In March 1971, Vietnam Veteran George Wheeler is recalled to active duty. The notice puts him at odds with his girlfriend Mel, a college student and anti-war activist. George believes that his patriotism requires that he return to military duty. Mel, on the other hand, thinks it is George’s duty, as a responsible citizen, to refuse to participate further in the war.
The author holds a bachelor of science in mathematics from Denison University and a juris doctor from Case Western Reserve University. Following graduation from law school, he served in the Judge Advocate Corps of the US Air Force from January 1968 through December 1971.

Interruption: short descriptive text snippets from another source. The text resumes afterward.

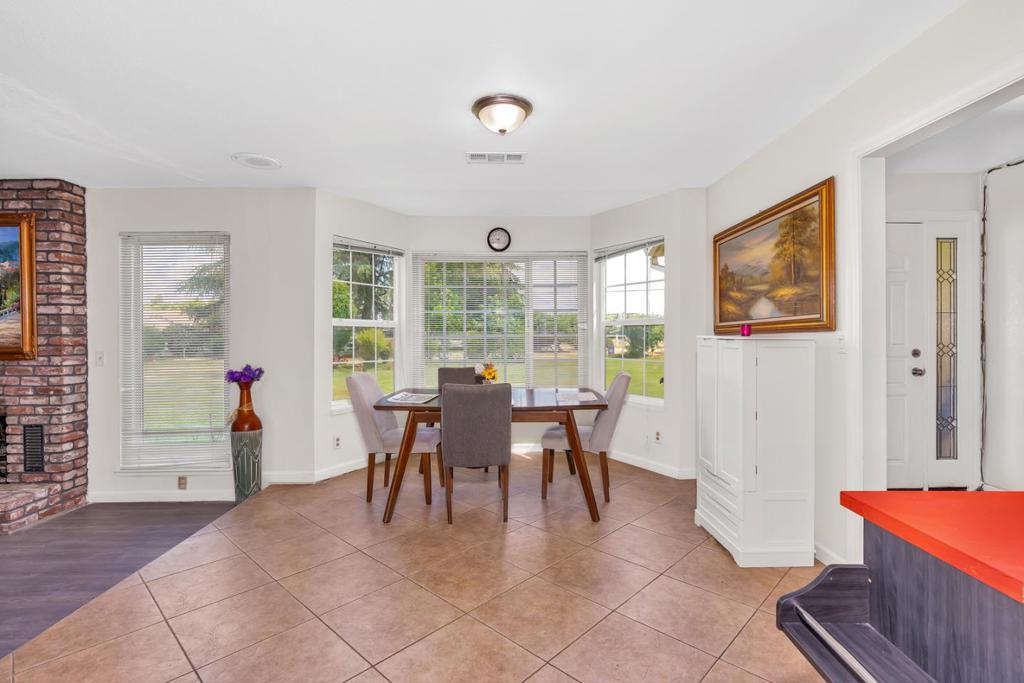 2965 Dunn Rd, Merced, CA 95340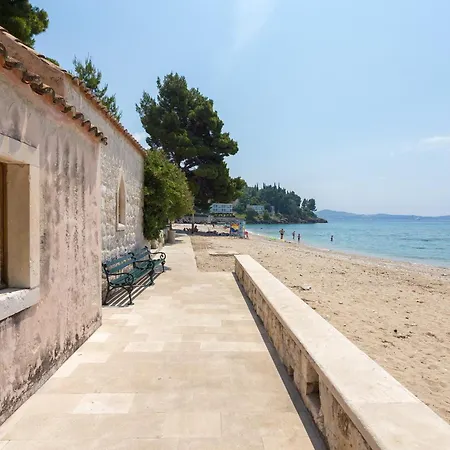 Platanus With Private Pool & Sea View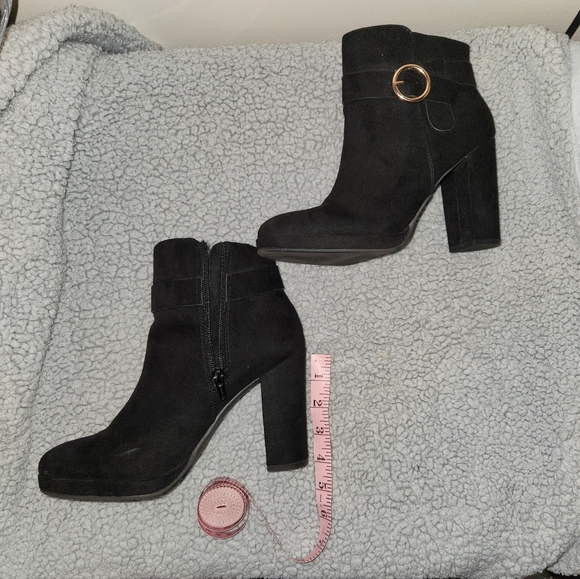 Elegant Black Ankle Boots with Gold Buckle - Picture 4 of 6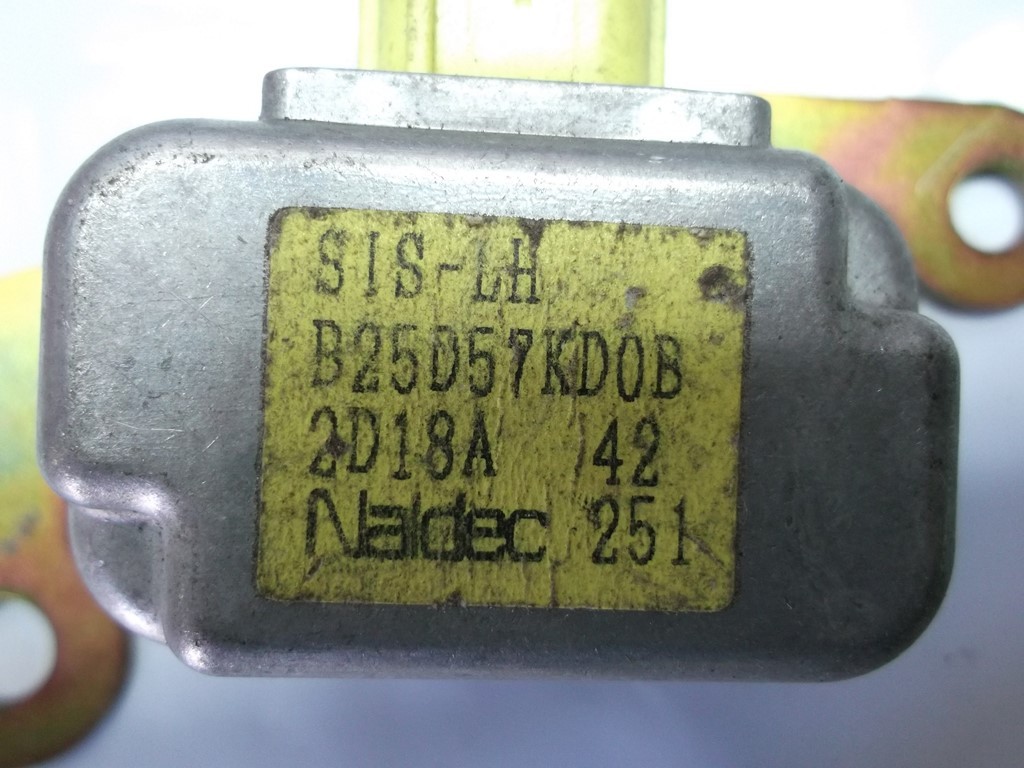 Mazda 323F BJ SENSOR CZUJNIK UDERZENIOWY 6949690874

LATE MORNING, THE DAY AFTER Christmas, George Wheeler finished his daily five-mile run. As he jogged up the driveway of his Tulsa home, he found a gray Volvo PV544 parked near his front door. George stopped behind the car, took note of its New York license plates. As he entered his home, he found his girlfriend, Mel, and a man in the kitchen standing close together as if they had just embraced. Mel moved away quickly and poured herself a cup of coffee. The man was a bit older than Mel, perhaps early thirties, shoulder-length dark hair, dressed in ragged jeans, a worn army field jacket over a flowered shirt.
“George, meet Ed Flanagan,” Mel said. “He’s an old friend, arrived last night from New York.”